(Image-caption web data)
____

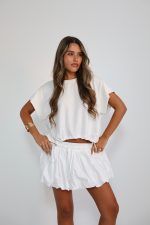 ⁦חולצת בטן כיווץ⁩ – תמונה ⁦3⁩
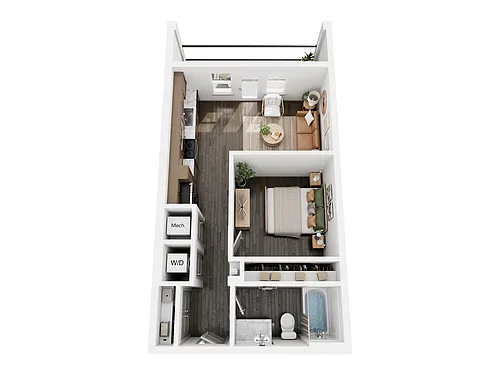 Floor plan S1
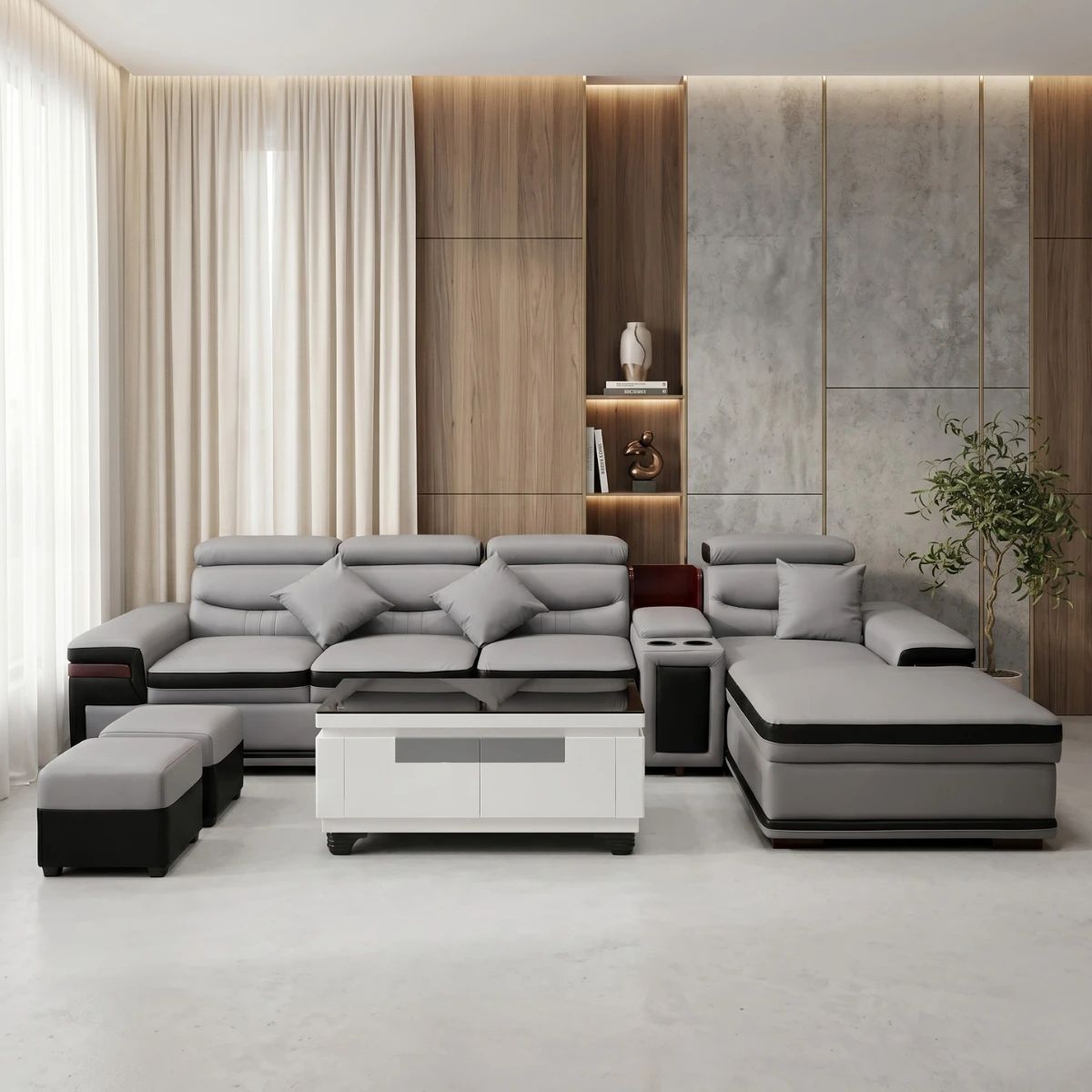 Sofa góc L Adora GK04
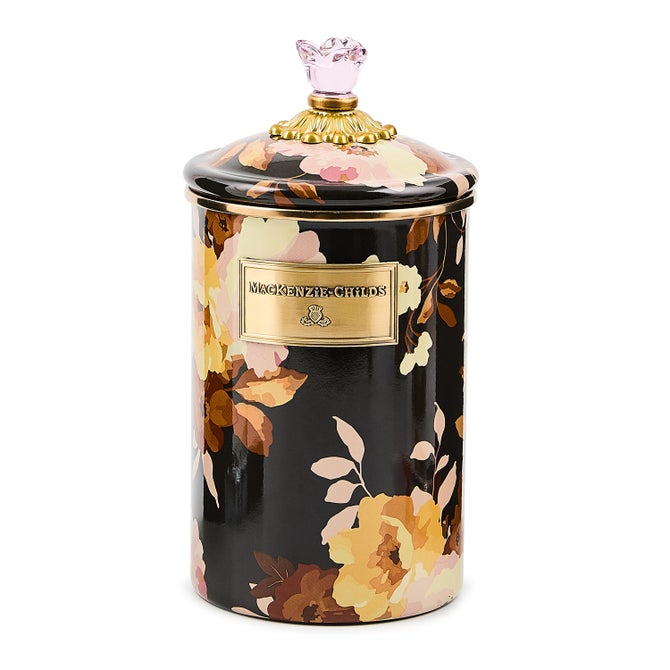 Wild Rose Brown Large Canister - {current_domain}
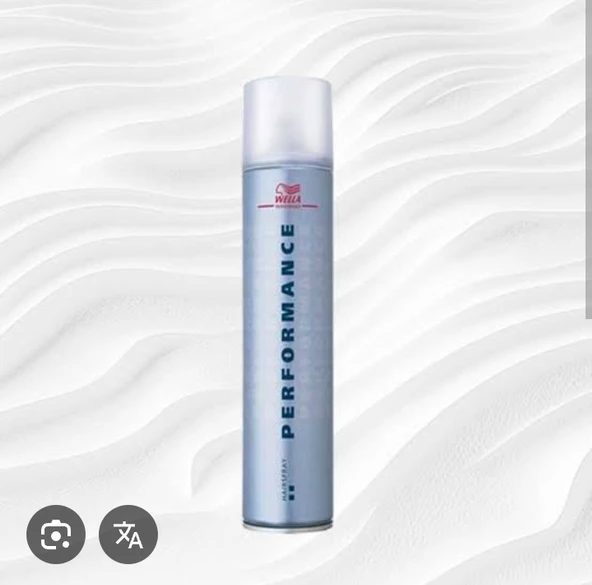 Wella performance hair sprey 500ml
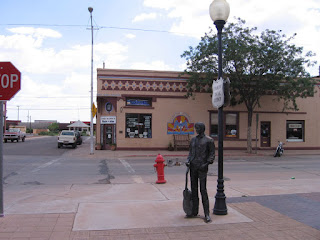 The Eagles 'Take It Easy' tribute in Winslow, Arizona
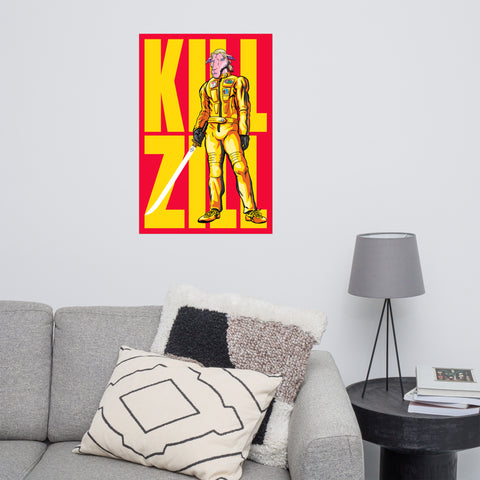 Kill Zill Art Print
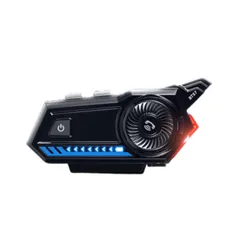 イヤホン Bluetooth 5.3 ， 使用30時間以上 バイクインカム 自動応答機能搭載 オートバイク用Bluetoothヘッドセット，Siriコマンド対応 ヘッドフォン 警告灯付き 技適認証済み 予備品 タイプ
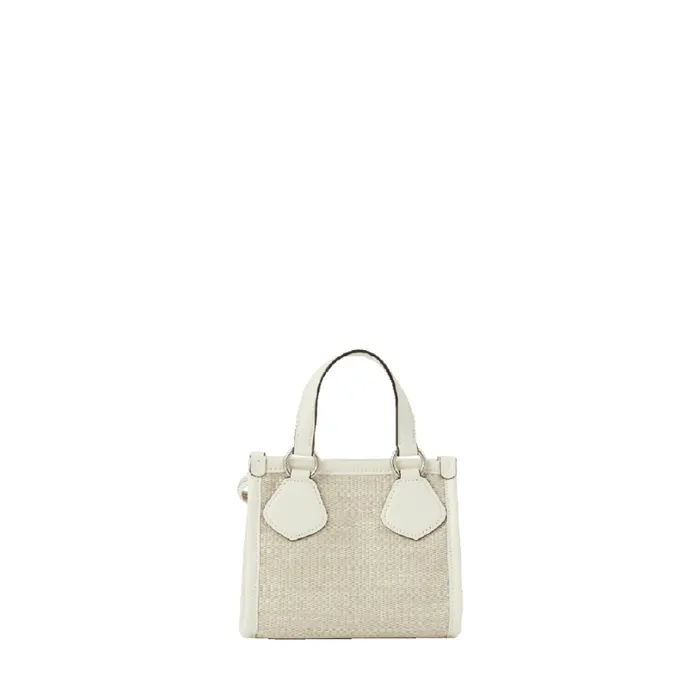 Zipped Mini Tote Naturalwhite Women Lancel Mini Bags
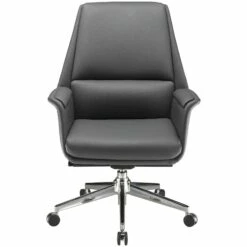 Porto Medium Back Bonded Leather Manager Chair -Office Furniture Sales 2024 104311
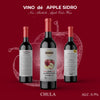 Chula Natural Non-Alcoholic Apple Cider Wine | Vino de Apple Sidro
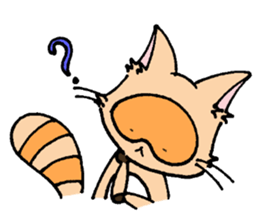 tanukichi's life sticker #7600122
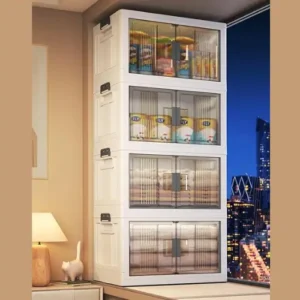 Organizadores de cocina plásticos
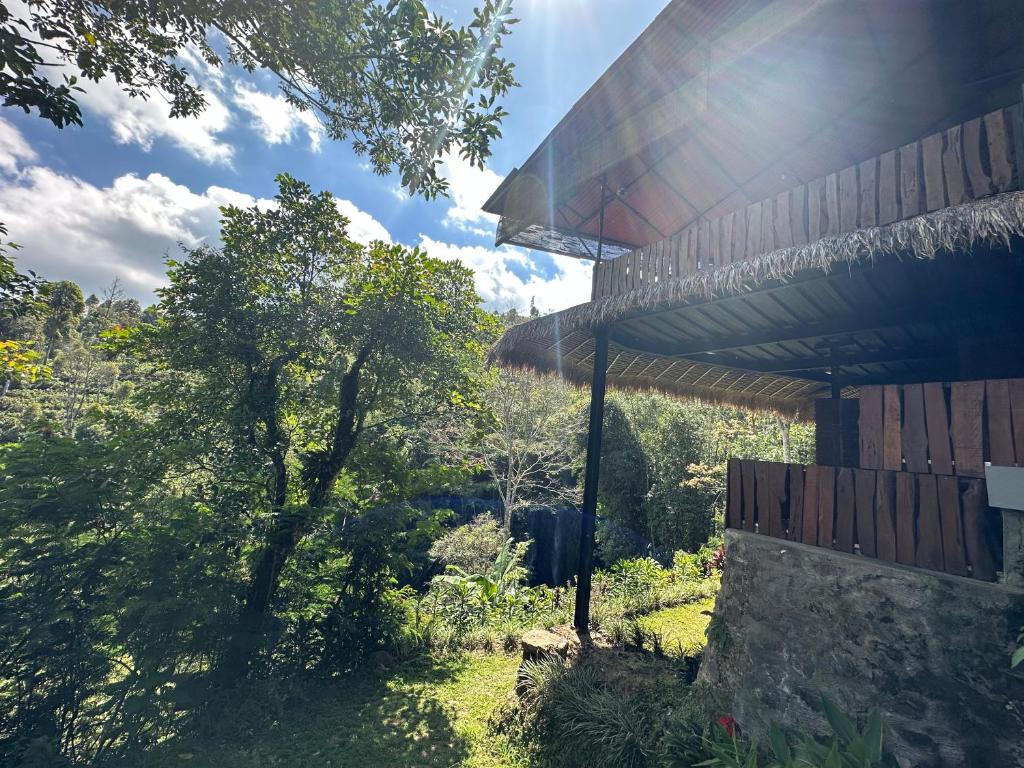 Munduk Tutub waterfall view, Munduk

____

▶ **TASK DESCRIPTION**
Down to the last line, set down the data above exactly, and omit all images.

▶ **TASK ANSWER**
 ⁦חולצת בטן כיווץ⁩ – תמונה ⁦3⁩
 Floor plan S1
 Sofa góc L Adora GK04
 Wild Rose Brown Large Canister - {current_domain}
 Wella performance hair sprey 500ml
 The Eagles 'Take It Easy' tribute in Winslow, Arizona
 Kill Zill Art Print
 イヤホン Bluetooth 5.3 ， 使用30時間以上 バイクインカム 自動応答機能搭載 オートバイク用Bluetoothヘッドセット，Siriコマンド対応 ヘッドフォン 警告灯付き 技適認証済み 予備品 タイプ
 Zipped Mini Tote Naturalwhite Women Lancel Mini Bags
 Porto Medium Back Bonded Leather Manager Chair -Office Furniture Sales 2024 104311
 Chula Natural Non-Alcoholic Apple Cider Wine | Vino de Apple Sidro
 tanukichi's life sticker #7600122
 Organizadores de cocina plásticos
 Munduk Tutub waterfall view, Munduk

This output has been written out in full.